Perhaps the most impressive thing is the meat cookery. It wasn't all baked liver and spam fritters (though these did pop up on certain days). On the best days, the lucky children were treated to roast beef and Yorkshire pudding; cold veal and ham pie; stuffed lamb loin with mint sauce; steak and kidney pie; or beef olives. It was expected that every kitchen should have a stockpot, with bones procured from the butcher boiled down to make a good rich stock. Minced meat was not ready-minced, but bought in the piece and minced by the kitchen.

Compare this with the kitchen culture that greeted Jamie Oliver nearly four decades on when he arrived in the kitchen at Kidbrooke Secondary School in Greenwich for his recent Channel 4 series. Instead of a seasonal rotation of plentiful vegetables, there was a single meagre bowl of frozen peas to go between 500 children. Instead of freshly minced meat, he found an array of nastily pink turkey burgers and what Oliver himself has called "f***ing Botswanan free-flow beef". We all know the public outcry that ensued. Not since Upton Sinclair published his novel The Jungle in 1906, on the horrors of the Chicago meat industry, prompting Theodore Roosevelt to introduce federal meat inspection, has a cultural event produced such an immediate shift in government policy on public health. The result in Oliver's case was the £280m pledged to improve school meals and the acknowledgement at last from new Labour that "something must be done".

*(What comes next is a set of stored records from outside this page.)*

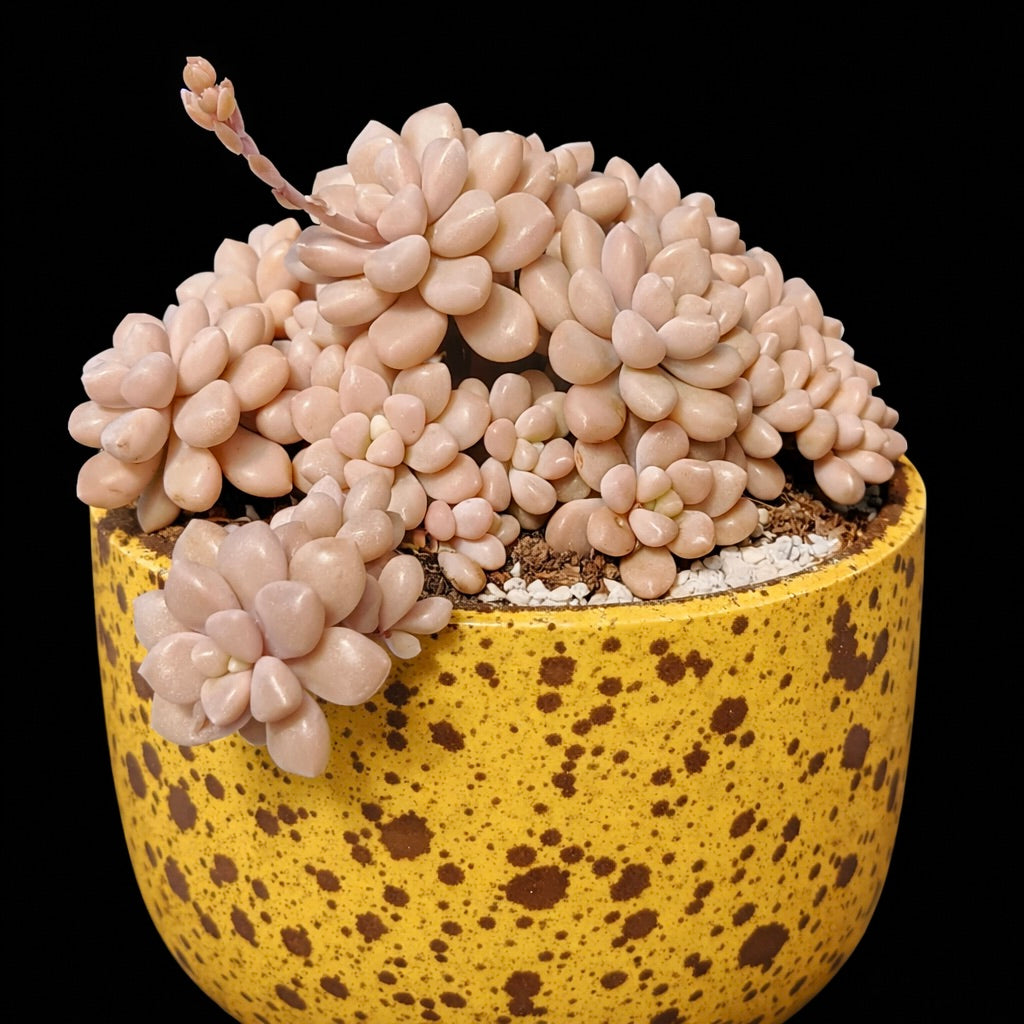 Graptopetalum mendozae SEEDS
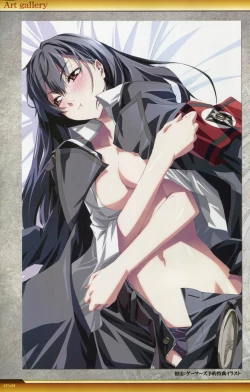 Page 59 of Dies irae Visual Fanbook - White Book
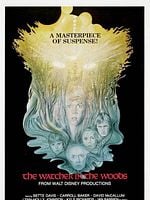 Pôster de Mistério no Bosque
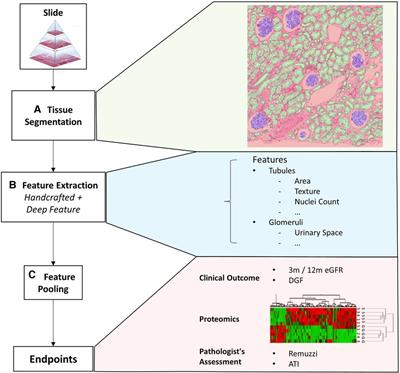 Predicting clinical endpoints and visual changes with quality-weighted tissue-based renal histological features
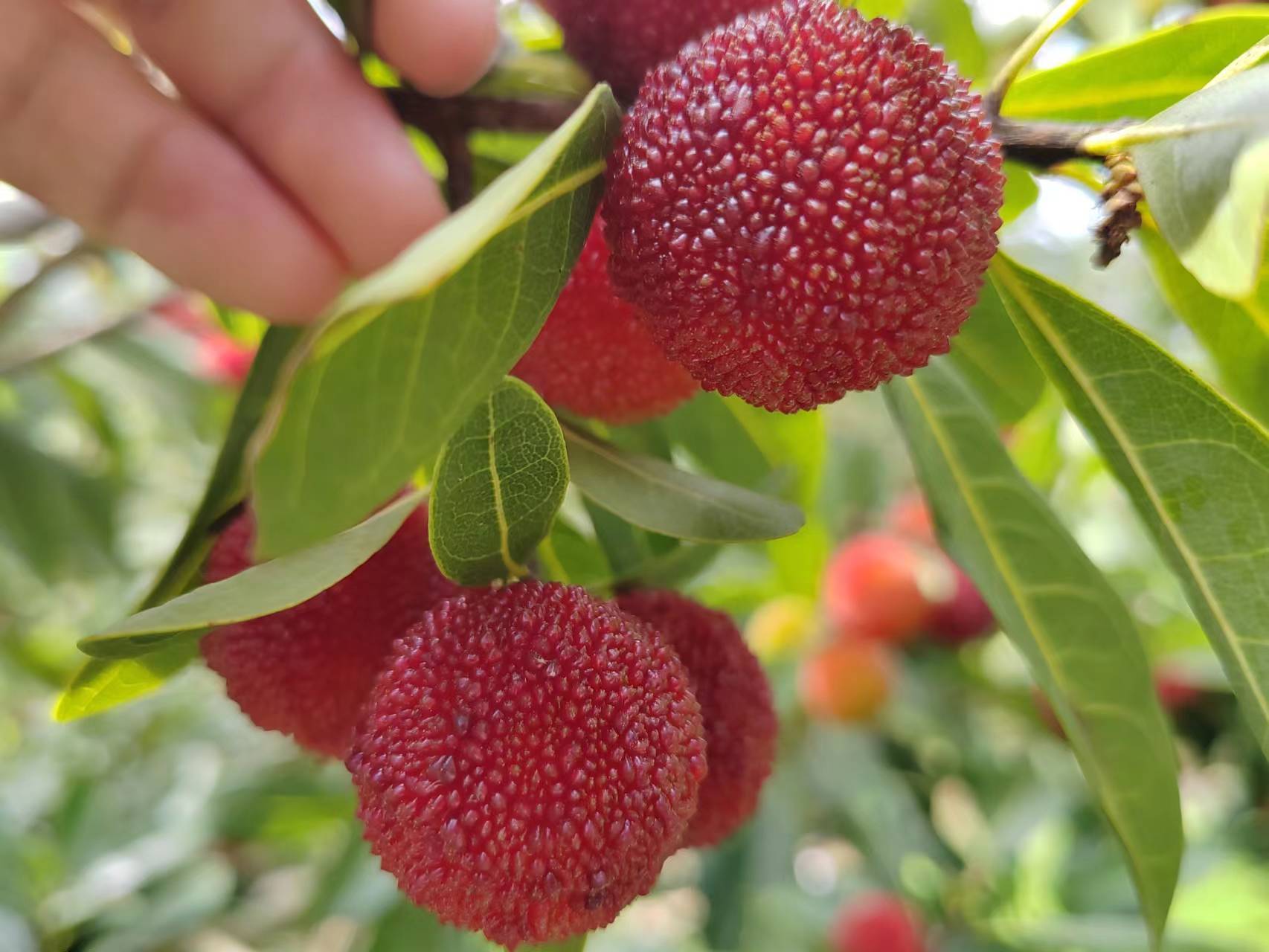 阿栗杨梅久负盛名,同时拥有荸荠杨梅,冬魁杨梅,野生杨梅,科技杨梅等多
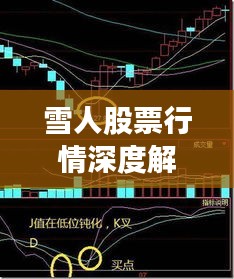 雪人股票行情深度解析，最新價(jià)格走勢(shì)與投資建議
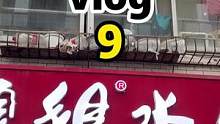 顺姐睡觉了全兴队项目也黄了#日常vlog #vlog十亿流量扶持计划 #散裝粤语 #塑料广东话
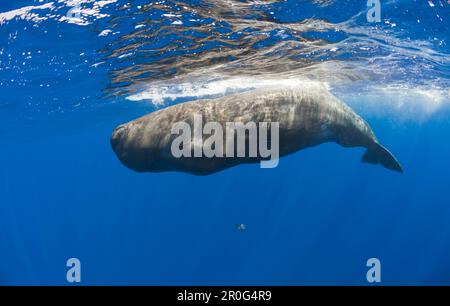 Junge Pottwale, Physeter Katodon, Azoren, Atlantik, Portugal Stockfoto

But the question remains as to why British school meals went so badly wrong in the first place. How and when did a service that was meant to be part of a child's education - providing for their bodily development while teachers fed their minds - get reduced, in places, to a morass of Turkey Twizzlers, chicken nuggets and potato smiley faces? Unusually, this is a question on which almost every expert agrees. When did the school meals service first deteriorate? 1980. How? The Local Government Act of Thatcher's first term of office.

The school meals expert Nan Berger has written that "the 1980 Act was a piece of political assassination calculated to destroy the school meals service". This undermined the nutritional content of school meals and the breadth of their provision. Until 1980, the price of the meals was fixed nationally. This gave a level of nutritional security, especially to children on free meals. In 1950, the price of lunch was sixpence; by 1969 it was one shilling and ninepence. But in 1980, the national price was abolished and replaced with any price the local education authority saw fit to charge. Given that LEAs had to bear the cost of subsidising free school meals, it was not in their interests to keep the price high enough to keep up quality.

The result was huge discrepancies in the price of school meals across the country that remain to this day. If you are a child receiving free school meals on the Isles of Scilly, your lunch will have cost £1.75, of which a generous 90p goes on ingredients (according to recent figures produced by the Guardian). By contrast, a child in Stockton-on-Tees is given a meal priced at £1.35, of which 39p goes on ingredients. Even allowing for the magic that a good cook can work with meagre ingredients, the chances are that the Scilly Isles child will have had a proper meal while the Stockton child will have had little more than a processed snack.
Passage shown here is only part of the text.